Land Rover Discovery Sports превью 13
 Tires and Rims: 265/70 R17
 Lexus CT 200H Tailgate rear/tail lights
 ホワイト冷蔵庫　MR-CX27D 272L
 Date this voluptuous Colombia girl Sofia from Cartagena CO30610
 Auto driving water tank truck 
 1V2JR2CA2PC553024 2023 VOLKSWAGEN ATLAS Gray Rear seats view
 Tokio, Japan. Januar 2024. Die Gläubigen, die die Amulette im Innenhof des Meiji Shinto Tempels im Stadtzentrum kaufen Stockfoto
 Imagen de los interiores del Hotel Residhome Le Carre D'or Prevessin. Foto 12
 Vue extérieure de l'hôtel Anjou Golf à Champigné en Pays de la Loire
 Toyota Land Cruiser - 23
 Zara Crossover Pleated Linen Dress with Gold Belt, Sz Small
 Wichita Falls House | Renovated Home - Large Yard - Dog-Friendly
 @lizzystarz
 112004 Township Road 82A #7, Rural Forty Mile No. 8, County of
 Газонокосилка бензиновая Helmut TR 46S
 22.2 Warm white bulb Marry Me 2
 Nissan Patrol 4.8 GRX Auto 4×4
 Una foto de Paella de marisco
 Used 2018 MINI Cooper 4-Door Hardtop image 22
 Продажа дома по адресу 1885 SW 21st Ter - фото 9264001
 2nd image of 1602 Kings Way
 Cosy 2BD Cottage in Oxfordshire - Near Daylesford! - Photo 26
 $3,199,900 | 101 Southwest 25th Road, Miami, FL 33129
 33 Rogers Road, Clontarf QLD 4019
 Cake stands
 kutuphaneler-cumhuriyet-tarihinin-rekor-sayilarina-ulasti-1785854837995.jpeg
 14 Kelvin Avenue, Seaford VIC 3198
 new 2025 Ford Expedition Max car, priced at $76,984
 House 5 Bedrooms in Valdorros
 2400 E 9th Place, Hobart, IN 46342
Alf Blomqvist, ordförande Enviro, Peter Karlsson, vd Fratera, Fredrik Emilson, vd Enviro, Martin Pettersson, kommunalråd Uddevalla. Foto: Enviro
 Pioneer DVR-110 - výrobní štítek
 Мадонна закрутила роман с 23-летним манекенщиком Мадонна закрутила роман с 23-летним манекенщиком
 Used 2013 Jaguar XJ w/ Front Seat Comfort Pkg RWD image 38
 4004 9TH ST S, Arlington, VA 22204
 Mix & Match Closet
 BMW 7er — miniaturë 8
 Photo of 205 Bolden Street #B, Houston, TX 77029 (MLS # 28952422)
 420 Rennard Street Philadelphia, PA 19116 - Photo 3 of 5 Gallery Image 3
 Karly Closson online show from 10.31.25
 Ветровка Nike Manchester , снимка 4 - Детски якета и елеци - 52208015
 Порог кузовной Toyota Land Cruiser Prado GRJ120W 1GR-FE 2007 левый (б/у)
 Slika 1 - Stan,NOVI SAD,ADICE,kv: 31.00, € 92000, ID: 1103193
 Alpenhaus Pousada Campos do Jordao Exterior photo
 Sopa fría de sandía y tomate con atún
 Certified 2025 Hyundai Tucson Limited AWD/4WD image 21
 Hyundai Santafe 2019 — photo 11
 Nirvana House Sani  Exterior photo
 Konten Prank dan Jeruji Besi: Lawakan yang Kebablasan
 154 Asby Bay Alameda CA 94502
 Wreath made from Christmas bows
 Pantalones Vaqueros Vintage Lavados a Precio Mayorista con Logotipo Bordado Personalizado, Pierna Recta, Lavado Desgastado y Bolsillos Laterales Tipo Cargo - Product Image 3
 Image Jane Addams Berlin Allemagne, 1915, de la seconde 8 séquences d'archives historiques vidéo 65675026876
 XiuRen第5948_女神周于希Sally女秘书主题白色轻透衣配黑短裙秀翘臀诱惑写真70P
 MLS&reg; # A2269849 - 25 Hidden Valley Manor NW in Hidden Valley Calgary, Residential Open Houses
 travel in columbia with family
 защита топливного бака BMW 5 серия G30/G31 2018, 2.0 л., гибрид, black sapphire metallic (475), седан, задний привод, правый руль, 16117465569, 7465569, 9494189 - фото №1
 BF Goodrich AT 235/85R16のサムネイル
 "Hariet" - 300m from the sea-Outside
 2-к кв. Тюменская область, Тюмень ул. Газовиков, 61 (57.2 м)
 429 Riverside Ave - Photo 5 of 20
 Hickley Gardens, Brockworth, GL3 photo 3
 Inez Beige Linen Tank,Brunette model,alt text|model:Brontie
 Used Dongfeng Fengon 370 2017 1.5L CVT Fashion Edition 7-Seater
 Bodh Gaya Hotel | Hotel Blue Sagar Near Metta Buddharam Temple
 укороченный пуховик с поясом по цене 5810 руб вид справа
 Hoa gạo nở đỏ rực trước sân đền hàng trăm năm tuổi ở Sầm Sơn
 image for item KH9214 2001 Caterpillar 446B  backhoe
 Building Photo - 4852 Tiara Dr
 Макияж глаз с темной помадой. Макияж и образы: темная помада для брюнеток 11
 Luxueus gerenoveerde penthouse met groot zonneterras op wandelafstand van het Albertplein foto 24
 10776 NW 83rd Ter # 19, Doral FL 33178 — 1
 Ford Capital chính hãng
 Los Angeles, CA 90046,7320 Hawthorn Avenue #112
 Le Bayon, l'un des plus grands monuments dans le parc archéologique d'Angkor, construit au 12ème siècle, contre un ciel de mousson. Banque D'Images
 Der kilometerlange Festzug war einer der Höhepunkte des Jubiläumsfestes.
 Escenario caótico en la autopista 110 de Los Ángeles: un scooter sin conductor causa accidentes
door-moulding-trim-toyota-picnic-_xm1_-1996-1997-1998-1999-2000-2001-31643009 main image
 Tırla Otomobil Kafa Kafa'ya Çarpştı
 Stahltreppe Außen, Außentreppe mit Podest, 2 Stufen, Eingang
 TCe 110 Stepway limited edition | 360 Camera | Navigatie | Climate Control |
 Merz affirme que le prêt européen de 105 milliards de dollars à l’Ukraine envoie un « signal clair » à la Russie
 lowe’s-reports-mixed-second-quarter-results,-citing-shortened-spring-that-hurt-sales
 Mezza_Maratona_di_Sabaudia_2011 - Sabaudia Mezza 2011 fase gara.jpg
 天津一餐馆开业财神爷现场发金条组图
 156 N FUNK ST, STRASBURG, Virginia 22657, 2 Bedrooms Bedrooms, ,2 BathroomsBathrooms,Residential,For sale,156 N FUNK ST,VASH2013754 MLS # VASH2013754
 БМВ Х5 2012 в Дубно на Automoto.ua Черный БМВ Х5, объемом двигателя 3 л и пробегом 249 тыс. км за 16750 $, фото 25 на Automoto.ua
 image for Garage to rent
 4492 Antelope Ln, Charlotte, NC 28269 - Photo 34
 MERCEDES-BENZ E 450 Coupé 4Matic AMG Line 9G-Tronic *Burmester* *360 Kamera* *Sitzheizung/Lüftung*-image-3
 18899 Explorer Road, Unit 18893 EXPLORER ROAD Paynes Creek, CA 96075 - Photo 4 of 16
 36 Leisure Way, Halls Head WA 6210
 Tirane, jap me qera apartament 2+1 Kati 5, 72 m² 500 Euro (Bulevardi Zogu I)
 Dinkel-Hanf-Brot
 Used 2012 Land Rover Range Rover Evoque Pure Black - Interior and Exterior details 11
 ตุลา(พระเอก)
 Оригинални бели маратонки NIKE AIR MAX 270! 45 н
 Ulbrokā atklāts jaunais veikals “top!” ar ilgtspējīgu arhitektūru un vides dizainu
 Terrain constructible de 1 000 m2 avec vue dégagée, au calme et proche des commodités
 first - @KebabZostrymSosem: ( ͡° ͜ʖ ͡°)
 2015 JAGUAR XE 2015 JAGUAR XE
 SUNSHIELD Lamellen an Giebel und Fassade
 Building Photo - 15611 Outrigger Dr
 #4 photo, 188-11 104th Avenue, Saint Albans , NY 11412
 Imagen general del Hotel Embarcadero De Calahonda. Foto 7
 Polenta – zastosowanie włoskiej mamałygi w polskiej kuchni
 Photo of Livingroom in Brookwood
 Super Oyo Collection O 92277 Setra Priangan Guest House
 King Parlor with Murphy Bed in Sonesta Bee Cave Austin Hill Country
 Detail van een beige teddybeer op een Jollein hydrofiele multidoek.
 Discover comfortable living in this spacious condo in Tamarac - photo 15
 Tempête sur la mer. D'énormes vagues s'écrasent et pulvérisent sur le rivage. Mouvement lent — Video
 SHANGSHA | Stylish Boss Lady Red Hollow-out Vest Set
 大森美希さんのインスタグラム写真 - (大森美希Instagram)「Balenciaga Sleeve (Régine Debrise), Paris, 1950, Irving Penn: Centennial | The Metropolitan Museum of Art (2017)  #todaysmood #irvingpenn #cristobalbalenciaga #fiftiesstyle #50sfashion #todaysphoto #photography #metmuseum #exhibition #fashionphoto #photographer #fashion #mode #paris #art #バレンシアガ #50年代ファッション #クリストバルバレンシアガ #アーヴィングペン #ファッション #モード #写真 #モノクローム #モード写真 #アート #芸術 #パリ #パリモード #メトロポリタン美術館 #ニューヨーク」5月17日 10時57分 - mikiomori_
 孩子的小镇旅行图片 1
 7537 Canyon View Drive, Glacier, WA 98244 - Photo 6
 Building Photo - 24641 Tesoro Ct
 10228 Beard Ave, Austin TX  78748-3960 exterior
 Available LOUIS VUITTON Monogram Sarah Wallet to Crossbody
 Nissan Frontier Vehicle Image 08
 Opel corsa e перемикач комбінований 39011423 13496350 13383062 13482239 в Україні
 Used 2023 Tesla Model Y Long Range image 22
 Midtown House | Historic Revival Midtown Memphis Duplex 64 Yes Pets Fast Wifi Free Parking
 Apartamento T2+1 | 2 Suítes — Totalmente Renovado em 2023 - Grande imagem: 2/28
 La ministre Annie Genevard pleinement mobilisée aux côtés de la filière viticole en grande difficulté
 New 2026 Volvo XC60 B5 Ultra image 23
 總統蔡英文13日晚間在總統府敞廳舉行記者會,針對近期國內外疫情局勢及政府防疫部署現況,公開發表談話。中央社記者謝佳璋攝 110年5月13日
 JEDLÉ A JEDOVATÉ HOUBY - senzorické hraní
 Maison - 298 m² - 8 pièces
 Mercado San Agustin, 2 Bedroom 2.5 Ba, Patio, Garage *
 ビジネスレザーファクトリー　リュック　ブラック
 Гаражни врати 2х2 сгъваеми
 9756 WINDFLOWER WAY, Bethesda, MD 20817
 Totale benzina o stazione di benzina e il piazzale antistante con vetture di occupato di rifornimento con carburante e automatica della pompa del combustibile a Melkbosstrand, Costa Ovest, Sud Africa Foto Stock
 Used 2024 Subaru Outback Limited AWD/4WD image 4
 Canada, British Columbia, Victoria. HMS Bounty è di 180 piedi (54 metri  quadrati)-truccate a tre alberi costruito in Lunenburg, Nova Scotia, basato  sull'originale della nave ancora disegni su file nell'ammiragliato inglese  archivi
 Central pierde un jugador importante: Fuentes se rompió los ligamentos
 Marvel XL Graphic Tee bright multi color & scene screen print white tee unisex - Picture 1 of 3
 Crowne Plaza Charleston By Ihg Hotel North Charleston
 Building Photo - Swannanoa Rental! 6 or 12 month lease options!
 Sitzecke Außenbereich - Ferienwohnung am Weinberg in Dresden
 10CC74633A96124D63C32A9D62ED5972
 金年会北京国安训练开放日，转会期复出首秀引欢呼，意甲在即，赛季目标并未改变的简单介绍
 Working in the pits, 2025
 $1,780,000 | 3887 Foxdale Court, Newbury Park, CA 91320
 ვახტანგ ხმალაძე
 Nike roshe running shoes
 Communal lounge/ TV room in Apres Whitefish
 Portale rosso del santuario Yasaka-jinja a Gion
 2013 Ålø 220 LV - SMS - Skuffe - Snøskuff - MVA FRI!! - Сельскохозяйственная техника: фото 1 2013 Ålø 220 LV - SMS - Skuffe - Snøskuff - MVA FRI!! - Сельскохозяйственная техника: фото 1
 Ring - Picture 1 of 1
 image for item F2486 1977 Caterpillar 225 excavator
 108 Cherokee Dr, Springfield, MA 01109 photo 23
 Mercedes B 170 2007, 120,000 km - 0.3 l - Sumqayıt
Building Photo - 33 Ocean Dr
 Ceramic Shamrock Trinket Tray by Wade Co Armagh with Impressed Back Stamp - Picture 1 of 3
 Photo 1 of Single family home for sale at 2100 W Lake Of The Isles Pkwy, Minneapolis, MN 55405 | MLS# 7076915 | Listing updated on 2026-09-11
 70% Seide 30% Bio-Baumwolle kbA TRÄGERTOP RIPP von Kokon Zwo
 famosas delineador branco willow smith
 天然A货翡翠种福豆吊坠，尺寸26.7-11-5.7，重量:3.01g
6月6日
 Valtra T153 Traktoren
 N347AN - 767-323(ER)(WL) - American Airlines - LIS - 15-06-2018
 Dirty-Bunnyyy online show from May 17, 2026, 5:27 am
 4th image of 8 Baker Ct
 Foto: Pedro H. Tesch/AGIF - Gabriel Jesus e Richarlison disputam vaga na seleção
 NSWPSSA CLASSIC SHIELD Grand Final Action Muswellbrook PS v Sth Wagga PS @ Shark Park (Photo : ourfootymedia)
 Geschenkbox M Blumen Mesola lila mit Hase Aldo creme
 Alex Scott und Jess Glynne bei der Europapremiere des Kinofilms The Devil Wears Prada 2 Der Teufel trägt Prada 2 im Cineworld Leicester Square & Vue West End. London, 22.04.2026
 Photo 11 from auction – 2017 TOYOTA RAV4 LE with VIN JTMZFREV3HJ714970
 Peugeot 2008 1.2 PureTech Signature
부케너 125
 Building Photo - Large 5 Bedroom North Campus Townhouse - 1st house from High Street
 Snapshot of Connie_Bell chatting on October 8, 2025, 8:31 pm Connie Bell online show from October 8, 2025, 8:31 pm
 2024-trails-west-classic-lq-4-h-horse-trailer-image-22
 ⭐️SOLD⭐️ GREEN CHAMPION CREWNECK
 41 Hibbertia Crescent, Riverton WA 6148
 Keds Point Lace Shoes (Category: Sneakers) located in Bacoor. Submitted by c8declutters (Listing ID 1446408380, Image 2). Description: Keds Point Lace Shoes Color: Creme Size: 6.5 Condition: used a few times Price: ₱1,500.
********
Everything above from the line with "Miami, FL 33129" to the line with "Wreath made from Christmas bows", both included, must be repeated exactly, and nothing outside that range.

 $3,199,900 | 101 Southwest 25th Road, Miami, FL 33129
 33 Rogers Road, Clontarf QLD 4019
 Cake stands
 kutuphaneler-cumhuriyet-tarihinin-rekor-sayilarina-ulasti-1785854837995.jpeg
 14 Kelvin Avenue, Seaford VIC 3198
 new 2025 Ford Expedition Max car, priced at $76,984
 House 5 Bedrooms in Valdorros
 2400 E 9th Place, Hobart, IN 46342
Alf Blomqvist, ordförande Enviro, Peter Karlsson, vd Fratera, Fredrik Emilson, vd Enviro, Martin Pettersson, kommunalråd Uddevalla. Foto: Enviro
 Pioneer DVR-110 - výrobní štítek
 Мадонна закрутила роман с 23-летним манекенщиком Мадонна закрутила роман с 23-летним манекенщиком
 Used 2013 Jaguar XJ w/ Front Seat Comfort Pkg RWD image 38
 4004 9TH ST S, Arlington, VA 22204
 Mix & Match Closet
 BMW 7er — miniaturë 8
 Photo of 205 Bolden Street #B, Houston, TX 77029 (MLS # 28952422)
 420 Rennard Street Philadelphia, PA 19116 - Photo 3 of 5 Gallery Image 3
 Karly Closson online show from 10.31.25
 Ветровка Nike Manchester , снимка 4 - Детски якета и елеци - 52208015
 Порог кузовной Toyota Land Cruiser Prado GRJ120W 1GR-FE 2007 левый (б/у)
 Slika 1 - Stan,NOVI SAD,ADICE,kv: 31.00, € 92000, ID: 1103193
 Alpenhaus Pousada Campos do Jordao Exterior photo
 Sopa fría de sandía y tomate con atún
 Certified 2025 Hyundai Tucson Limited AWD/4WD image 21
 Hyundai Santafe 2019 — photo 11
 Nirvana House Sani  Exterior photo
 Konten Prank dan Jeruji Besi: Lawakan yang Kebablasan
 154 Asby Bay Alameda CA 94502
 Wreath made from Christmas bows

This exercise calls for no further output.